Tierra del Fuego, Spanish for “Land of Fire” is an archipelago located off the southernmost tip of the South American mainland, across from the Strait of Magellan. The nomadic tribes native to the islands, including the Selk’nam, Yamana, and Kawésqar, have lived there for more than 10,000 years, creating cultures and ways of life that have all but disappeared, due to both the endemic infectious diseases carried by Westerners, as well as by the militias paid by Europeans to erase the native population on well-organized human hunts.
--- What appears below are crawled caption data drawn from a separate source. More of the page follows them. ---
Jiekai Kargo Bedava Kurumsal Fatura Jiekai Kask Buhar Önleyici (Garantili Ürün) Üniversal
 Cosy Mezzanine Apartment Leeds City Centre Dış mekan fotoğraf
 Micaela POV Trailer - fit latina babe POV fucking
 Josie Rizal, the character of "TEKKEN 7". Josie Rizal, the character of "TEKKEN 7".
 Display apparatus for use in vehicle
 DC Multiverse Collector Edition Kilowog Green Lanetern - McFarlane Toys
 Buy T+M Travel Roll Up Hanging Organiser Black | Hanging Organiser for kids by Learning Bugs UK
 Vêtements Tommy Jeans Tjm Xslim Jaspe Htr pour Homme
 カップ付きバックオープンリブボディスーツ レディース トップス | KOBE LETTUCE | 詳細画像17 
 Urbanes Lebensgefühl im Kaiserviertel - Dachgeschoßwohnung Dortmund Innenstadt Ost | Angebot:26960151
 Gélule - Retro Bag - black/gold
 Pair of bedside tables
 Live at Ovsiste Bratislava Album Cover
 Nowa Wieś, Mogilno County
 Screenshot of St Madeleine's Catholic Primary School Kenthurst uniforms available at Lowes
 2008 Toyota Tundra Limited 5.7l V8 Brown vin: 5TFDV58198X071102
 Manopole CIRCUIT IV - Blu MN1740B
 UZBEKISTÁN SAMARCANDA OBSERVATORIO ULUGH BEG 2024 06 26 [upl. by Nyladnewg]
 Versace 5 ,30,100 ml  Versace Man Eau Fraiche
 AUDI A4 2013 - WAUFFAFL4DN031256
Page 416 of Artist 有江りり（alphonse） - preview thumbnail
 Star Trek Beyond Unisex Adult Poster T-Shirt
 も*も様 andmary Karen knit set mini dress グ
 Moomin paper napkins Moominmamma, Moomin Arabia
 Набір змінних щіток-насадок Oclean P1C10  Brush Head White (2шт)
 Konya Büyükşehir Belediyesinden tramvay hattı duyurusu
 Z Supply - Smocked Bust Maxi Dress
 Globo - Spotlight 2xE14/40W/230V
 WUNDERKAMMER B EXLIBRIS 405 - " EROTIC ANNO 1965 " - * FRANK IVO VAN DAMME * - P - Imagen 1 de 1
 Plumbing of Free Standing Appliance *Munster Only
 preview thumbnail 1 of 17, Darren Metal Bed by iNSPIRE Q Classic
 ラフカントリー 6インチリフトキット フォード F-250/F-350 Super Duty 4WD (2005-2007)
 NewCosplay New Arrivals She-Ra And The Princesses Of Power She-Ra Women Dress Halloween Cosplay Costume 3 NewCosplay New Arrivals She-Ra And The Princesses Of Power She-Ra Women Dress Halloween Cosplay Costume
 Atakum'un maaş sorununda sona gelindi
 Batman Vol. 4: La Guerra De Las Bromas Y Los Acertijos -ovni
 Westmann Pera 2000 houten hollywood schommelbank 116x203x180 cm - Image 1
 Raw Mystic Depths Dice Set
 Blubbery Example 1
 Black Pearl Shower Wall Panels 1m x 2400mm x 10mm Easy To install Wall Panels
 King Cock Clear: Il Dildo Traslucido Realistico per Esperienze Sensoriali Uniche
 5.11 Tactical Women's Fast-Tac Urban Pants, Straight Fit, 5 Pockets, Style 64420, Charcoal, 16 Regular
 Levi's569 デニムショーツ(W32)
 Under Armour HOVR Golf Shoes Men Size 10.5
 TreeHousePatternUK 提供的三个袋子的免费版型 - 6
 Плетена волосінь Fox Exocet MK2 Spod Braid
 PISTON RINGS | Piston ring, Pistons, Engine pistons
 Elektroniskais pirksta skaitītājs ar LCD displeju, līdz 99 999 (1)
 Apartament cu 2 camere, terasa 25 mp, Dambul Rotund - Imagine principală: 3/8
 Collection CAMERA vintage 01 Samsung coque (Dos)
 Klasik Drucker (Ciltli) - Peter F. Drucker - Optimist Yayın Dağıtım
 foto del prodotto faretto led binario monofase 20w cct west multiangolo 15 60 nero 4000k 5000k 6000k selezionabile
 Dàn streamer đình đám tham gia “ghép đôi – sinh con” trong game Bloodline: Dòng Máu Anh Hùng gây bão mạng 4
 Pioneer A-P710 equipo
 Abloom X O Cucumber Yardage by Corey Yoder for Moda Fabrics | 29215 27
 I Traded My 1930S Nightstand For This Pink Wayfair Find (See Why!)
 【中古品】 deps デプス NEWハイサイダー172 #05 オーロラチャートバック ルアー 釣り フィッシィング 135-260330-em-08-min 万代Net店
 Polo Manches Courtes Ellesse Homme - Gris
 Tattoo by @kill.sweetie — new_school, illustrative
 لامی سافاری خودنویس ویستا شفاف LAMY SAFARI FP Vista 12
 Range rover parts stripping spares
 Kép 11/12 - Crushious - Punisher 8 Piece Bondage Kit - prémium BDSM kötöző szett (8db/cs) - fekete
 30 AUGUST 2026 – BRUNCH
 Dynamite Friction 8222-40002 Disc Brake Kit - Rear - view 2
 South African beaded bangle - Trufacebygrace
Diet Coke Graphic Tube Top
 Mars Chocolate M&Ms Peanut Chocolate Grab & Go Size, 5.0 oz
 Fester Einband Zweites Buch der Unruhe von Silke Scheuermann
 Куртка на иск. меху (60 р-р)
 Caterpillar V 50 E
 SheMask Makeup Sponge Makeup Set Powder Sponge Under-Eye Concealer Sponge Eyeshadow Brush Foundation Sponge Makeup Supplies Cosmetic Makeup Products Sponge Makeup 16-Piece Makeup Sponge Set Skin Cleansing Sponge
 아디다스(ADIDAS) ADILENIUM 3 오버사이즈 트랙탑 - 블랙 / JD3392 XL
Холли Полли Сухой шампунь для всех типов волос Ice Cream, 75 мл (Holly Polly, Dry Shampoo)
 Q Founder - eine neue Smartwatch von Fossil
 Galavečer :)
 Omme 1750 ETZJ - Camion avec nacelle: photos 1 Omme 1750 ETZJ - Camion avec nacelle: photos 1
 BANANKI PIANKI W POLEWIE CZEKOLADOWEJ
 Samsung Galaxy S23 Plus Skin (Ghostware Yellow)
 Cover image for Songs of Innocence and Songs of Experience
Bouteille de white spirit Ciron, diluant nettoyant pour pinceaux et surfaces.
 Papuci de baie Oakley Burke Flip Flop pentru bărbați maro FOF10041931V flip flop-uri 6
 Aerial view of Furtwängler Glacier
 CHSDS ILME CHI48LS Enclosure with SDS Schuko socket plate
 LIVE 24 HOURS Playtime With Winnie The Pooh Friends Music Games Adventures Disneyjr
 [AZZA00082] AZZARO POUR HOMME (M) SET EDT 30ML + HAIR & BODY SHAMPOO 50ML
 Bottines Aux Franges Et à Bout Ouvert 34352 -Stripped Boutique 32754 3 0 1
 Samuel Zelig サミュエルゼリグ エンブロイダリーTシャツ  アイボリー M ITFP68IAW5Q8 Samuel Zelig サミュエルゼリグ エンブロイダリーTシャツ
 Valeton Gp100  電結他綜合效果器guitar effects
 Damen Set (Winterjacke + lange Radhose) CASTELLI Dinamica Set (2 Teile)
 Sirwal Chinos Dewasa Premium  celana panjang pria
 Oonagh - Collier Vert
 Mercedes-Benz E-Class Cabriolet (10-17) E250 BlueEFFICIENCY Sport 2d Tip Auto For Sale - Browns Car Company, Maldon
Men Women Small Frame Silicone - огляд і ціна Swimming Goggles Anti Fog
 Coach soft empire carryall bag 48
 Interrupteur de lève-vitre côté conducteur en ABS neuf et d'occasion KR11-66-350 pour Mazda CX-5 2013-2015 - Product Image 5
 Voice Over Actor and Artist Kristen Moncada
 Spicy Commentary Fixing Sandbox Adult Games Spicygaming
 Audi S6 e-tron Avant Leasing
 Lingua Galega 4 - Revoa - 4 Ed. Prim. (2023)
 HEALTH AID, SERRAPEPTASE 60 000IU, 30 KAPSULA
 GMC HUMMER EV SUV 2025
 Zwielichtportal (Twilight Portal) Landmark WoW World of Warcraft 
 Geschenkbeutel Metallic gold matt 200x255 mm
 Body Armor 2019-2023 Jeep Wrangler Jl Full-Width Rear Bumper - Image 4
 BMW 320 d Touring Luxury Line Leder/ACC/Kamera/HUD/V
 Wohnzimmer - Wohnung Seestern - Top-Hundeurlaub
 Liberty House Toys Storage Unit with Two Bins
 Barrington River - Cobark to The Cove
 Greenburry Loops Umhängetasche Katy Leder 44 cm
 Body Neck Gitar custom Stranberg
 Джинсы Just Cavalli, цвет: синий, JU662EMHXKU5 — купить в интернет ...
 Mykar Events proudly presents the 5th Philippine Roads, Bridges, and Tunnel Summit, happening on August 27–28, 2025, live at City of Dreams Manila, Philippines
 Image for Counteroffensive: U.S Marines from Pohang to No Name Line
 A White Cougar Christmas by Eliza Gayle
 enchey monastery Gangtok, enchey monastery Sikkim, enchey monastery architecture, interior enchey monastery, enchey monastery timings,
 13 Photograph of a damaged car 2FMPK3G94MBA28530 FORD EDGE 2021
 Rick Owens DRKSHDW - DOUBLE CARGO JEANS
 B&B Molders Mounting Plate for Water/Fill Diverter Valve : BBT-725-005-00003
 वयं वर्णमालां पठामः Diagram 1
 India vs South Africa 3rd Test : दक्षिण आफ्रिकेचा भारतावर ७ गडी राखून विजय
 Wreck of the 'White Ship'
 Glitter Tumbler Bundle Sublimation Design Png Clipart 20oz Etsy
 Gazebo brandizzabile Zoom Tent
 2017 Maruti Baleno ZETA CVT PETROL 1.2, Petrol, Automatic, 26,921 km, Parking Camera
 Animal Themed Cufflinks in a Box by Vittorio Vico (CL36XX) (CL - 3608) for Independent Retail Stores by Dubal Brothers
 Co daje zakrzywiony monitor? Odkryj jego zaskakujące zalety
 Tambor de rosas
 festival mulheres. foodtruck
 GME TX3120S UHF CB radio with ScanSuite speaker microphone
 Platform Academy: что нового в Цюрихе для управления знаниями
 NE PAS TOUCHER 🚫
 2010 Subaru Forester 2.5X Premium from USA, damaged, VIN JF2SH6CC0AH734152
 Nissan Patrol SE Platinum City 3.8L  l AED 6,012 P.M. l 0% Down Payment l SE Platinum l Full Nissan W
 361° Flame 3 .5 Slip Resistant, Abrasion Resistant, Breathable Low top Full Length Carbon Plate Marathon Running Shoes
It was not uncommon for white men to kidnap tribal natives and bring them to the capitals of Europe (including Paris, Berlin, and Zurich), where they were exhibited in zoos and parks, as well as held in universities to be studied. No less than Charles Darwin described his first meeting with the native Fuegians as being “without exception the most curious and interesting spectacle I ever beheld: I could not have believed how wide the difference between savage and civilized man: it is greater than between wild and domesticated animal, in as much as in man there is a greater power of improvement.”
Such extraordinary hubris seems pathological of the race that declared for itself the “white man’s burden” of “civilizing” native populations by employing their long-held foreign policies of genocide, pestilence, and psychological warfare. We are deeply fortunate that Martin Gusinde, a German priest and ethnologist, took an entirely different approach. In 1919, Gusinde was sent as a missionary to Tierra del Fuego, with the aim to convert the natives to Christianity. Instead, the opposite took place: Gusinde was one of the first Westerners to be initiated into the sacred rites of the native people.